In cities like Berlin or New York you have that cross pollination, and for me I draw a lot of my energy and inspiration from that. And it goes both ways  - you see ways where you could apply a certain type of thinking or technology to a world that traditionally hasn’t used technology to do certain things.

One of the things that’s fascinating about SoundCloud is the visual aspect of it. How did that come about?

AL: We did that in the beginning because of this idea of sharing feedback, so it was practical – you needed the waveform to place the comments where they made sense. But we ended up creating something that was even more powerful: it turned sound into a visual representation that can work around the web. People can see that here is some kind of sound and here is how I can interact with it. Plus there’s the benefit of when you see a sound with a lot of comments you kind of know there‘s an interesting social pull – a lot of people have been here and are talking about it. It wouldn’t be very honest if I said we thought of all of that at the beginning. We were just trying to find a way to say, ‘here the bass is too loud’ or ‘here you should cut out the drums’.

Would you say that innovation is also a result of the way users interact with your product?

AL: Yep, that’s part of it – but there has to be judgement and emphasis happening from somebody creating something. Sometimes people confuse having users help you with innovation with you putting up a blank paper and then people innovate for you. But there has to be an idea, a direction. You have to make an assumption and put it out where users can help you discover more things around that and maybe better ways of using it. In our case we didn’t understand the full implications of how SoundCloud could be used and it turned out to be more powerful than we thought; but there were a lot of judgement calls made. We believed it would be powerful to have a visual representation of sound and it would be powerful to have a way to say something about the sound at any point. A creator has to be bold and make a statement.

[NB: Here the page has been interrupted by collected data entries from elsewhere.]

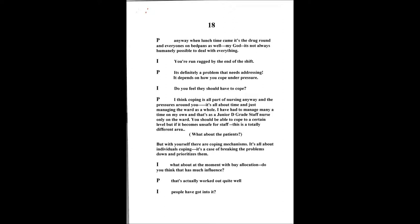Do you feel they should have to cope? I think coping is all part of nursing anyway and the pressures around you. It's all about time management and just managing the ward as a whole. You need to be a patient's advocate, you're accountable for your actions, you should be able to cope to a certain level. Within yourself there are coping mechanisms inside everybody. Some people can take a higher level of pressure. It's all about the individual coping.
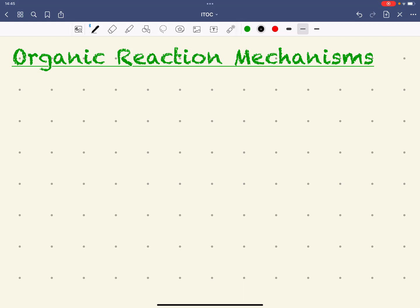Hi guys. In this video we're going to look at organic reaction mechanisms. A reaction mechanism is the step-by-step sequence in which the overall chemical change occurs, and outlines the sequence of bonds broken and formed in a chemical reaction.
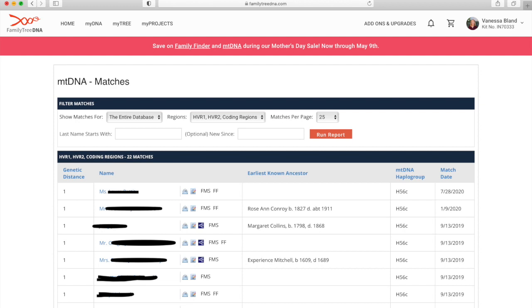There are actually a few different options there you can change if you want to look at particular regions. Just to explain, HVR1 and HVR2 are hypervariable regions one and two, so they're two different segments that are part of the mitochondria and they're of the most interest to us in genetic genealogy.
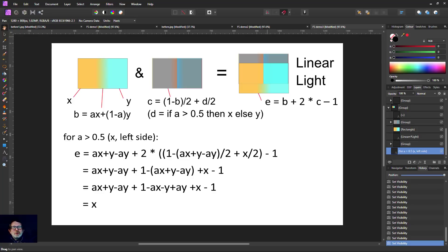That's how frequency separation works. I hope you found that interesting — it was a heck of a job to figure it all out. I hope it's right; it looks right to me. Let me know if it's not, but I'm pretty confident. Thank you very much for watching.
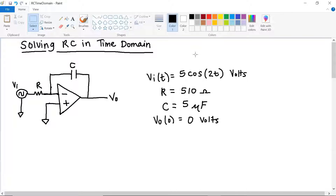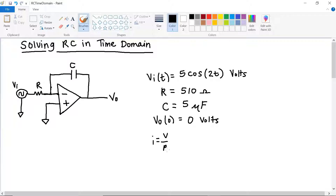Looking at the circuit, we can tell that we have an inverting op-amp because the input voltage is going into the inverting, or negative sign, input terminal. Typically whenever we solve op-amp questions, we do nodal analysis using our Kirchhoff current law equation. Before we get started, I'm going to go over the current relationships. We know that current is equal to V over R, and current can also equal the capacitance times dV over dt, which will be really helpful when doing our nodal analysis for the capacitor.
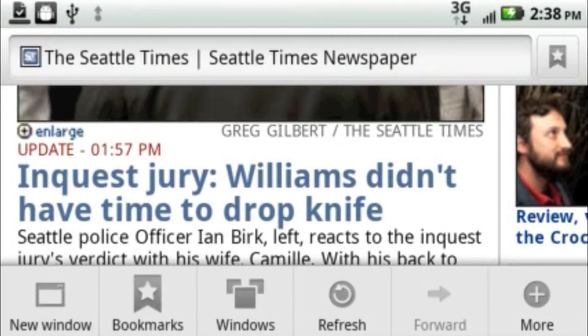If you hit the menu button, it'll give you these options: new window, bookmarks, change windows, refresh and forward.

What are the ingredients of innovation?

AL: A big part of it is to get beyond the fear of failure, which is the biggest killer of innovation. You need a balance between not being afraid of failure, while desperately wanting to avoid it. That’s the core psychological mindset you need.

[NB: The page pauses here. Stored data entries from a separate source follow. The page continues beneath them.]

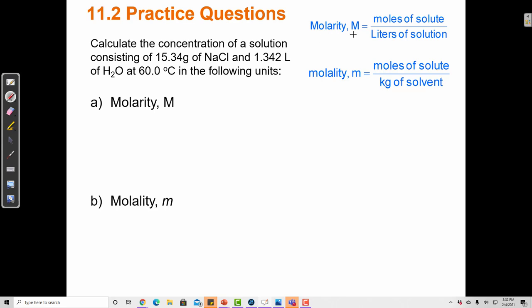Molarity, capital M, equals moles of solute over liters of solution. First let's identify our solute. I have two components here — 15.34 grams of sodium chloride and 1.342 liters of water. So which is my solute? In almost all of these examples, water will be your solvent.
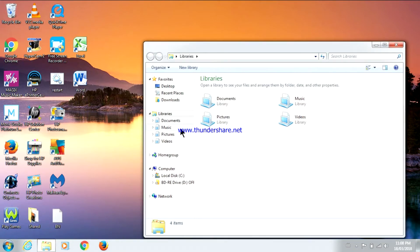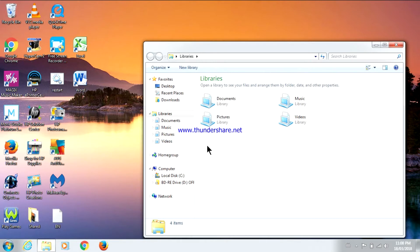As you can see right now under Libraries, Documents, Music, Pictures and Videos all have the same picture. I'm actually having a problem with all four of them at the moment.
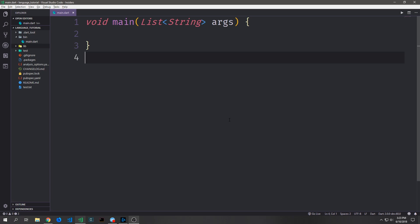Hey guys, my name is Tensor. Welcome to another Dart tutorial video. This will be video 2, and today we'll be covering classes and objects inside of Dart.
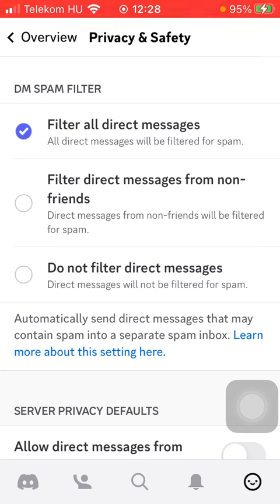So as you can see, it automatically sends direct messages that may contain spam into a separate spam inbox. That's pretty much it for this video guys. See you in the next one. Bye bye!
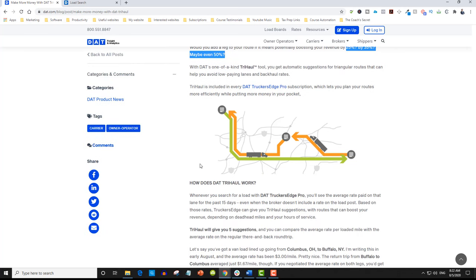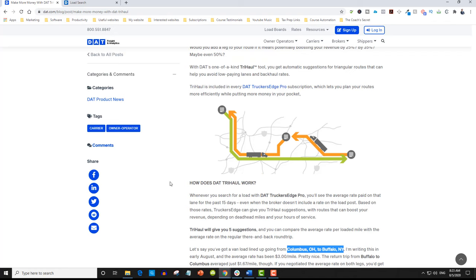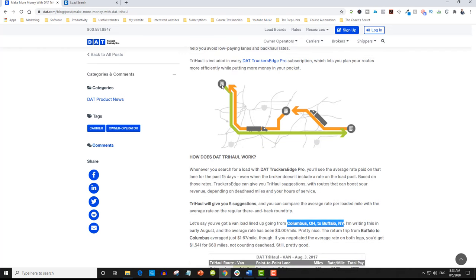DAT did a great job illustrating this, giving an example based on Columbus, Ohio and Buffalo, New York. For those of you who already know how to use Try Haul, you can skip, but for those interested in using it effectively — trust me, not many people use this effectively. Even if they know it exists, they never use it, or they're not using it profitably.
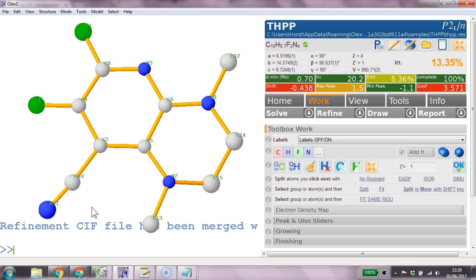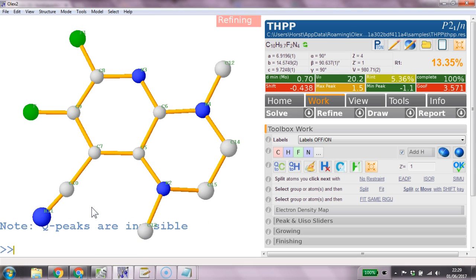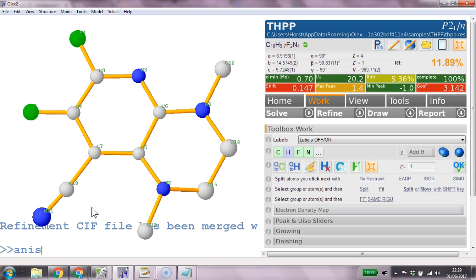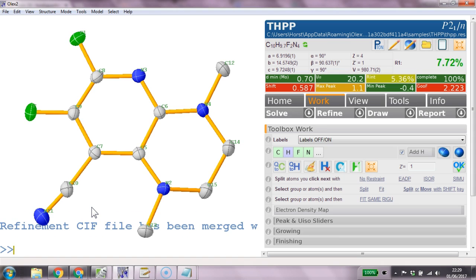Right and refine okay that looks pretty good and we're going anisotropic anis that makes it anisotropic refine that refines it and that looks all together quite good.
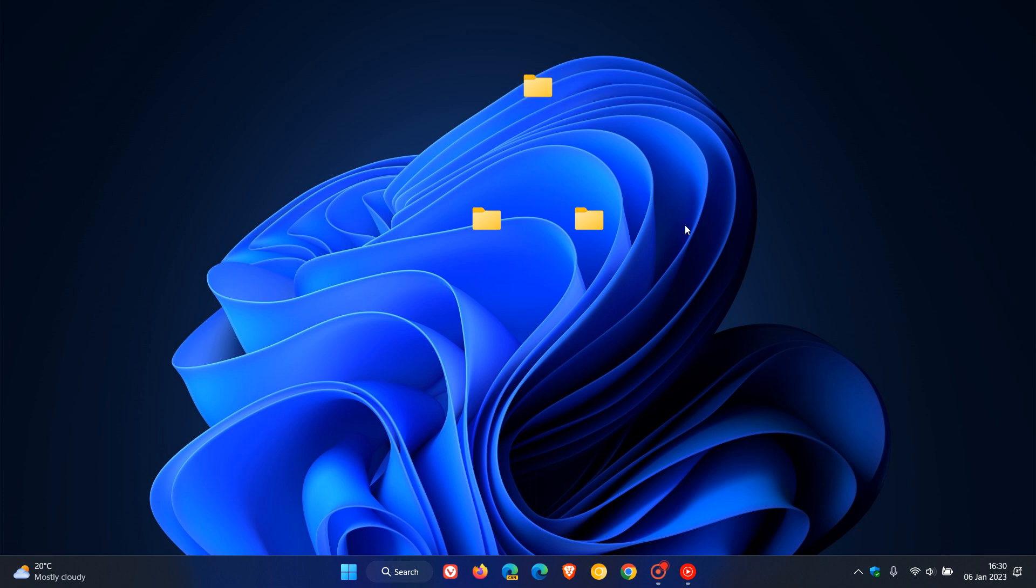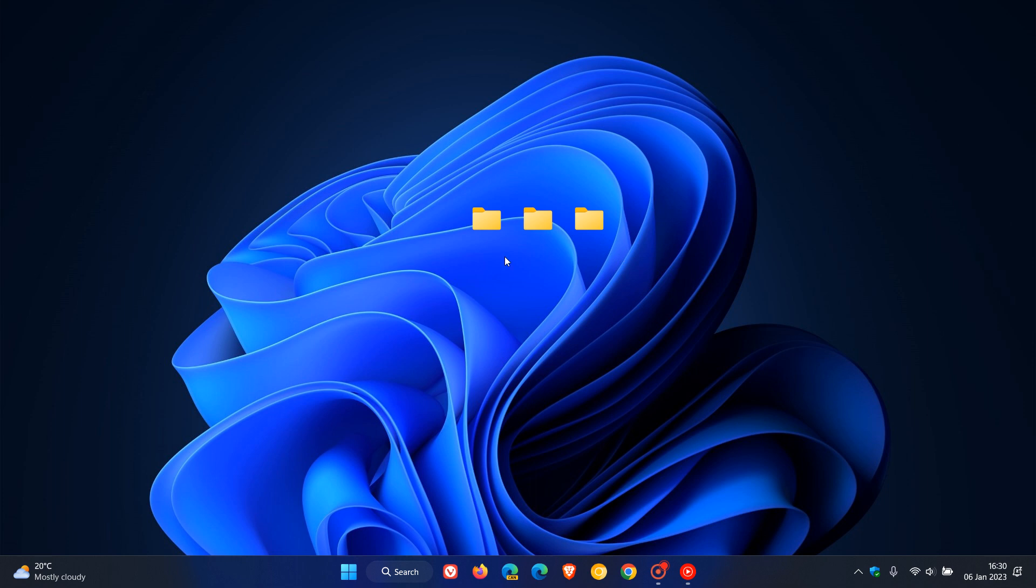So that's how you can create a folder or a group of new folders using Windows 10 and Windows 11 with no name or title generated by default at the bottom of those folders. Thanks for watching and I will see you in the next one.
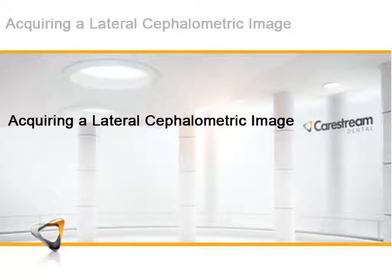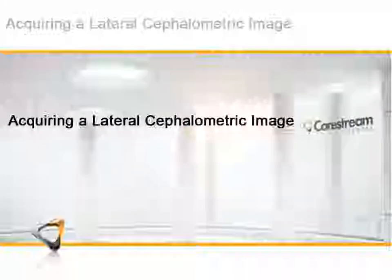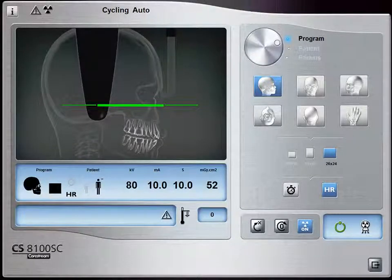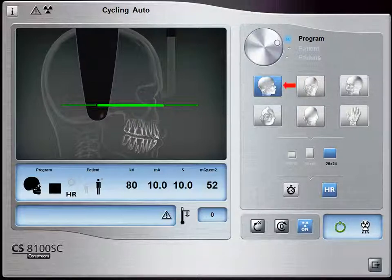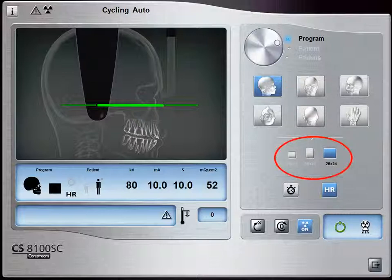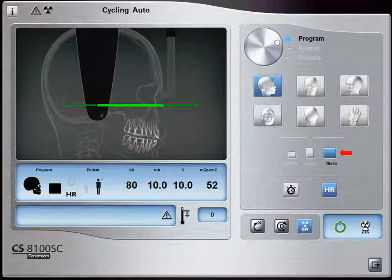Acquiring a Lateral Cephalometric Image: Position the head clamps manually for the type of exam you are performing. In the Cephalometric Acquisition window, click the Program button to access the Program pane. In the Program pane, select a button for a Lateral Exam. Select the appropriate Acquisition Format size — select Fast Scan for a quick exam or select HR for a higher resolution exam. Note: the 26x24 field of view does not come with a CS8100SC Access; it can be purchased separately.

Practically it’s about making sure you have the combination of rational reflection combined with exploration and conflict and discussion. Other than that, I think a lot of innovation comes from just a curiosity about many different areas and being able to tie those things together.

How do you view the role of technical institutions like KTH in innovation?

EW: School is a very social experience, and for me it’s about creating that interesting social context and finding a few people who can inspire you. My first weeks at KTH were spent recovering from pneumonia. When I returned to class I had to prepare for my first big math test and I hadn’t studied math for a few years. So, I got this private tutor, a retired teacher, provided by KTH for students who are behind or having difficulties. He taught me not only about math but the history of math and gave a lot of context about why math can be incredibly useful and fun, and he motivated me in his special way - talking about things like the mathematicians. That was one of my favorite experiences at KTH. It was amazing.

By nature those kinds of relationships are hard to scale up because they are special, one-on-one or small group relationships. But universities should encourage more of that. One of the reasons I am still motivated is because I can keep these small contexts, having one-on-one meetings or small group meetings with people who are really good at what they do and inspire me. If universities could recreate that environment, just moving 10 percent of the time from the big classroom situation to do more of that, I think that is the future of learning.

Given the IT infrastructure in Sweden and the general literacy of young people when it comes to the internet and related technologies, we ought to be able to do that and stay at the forefront.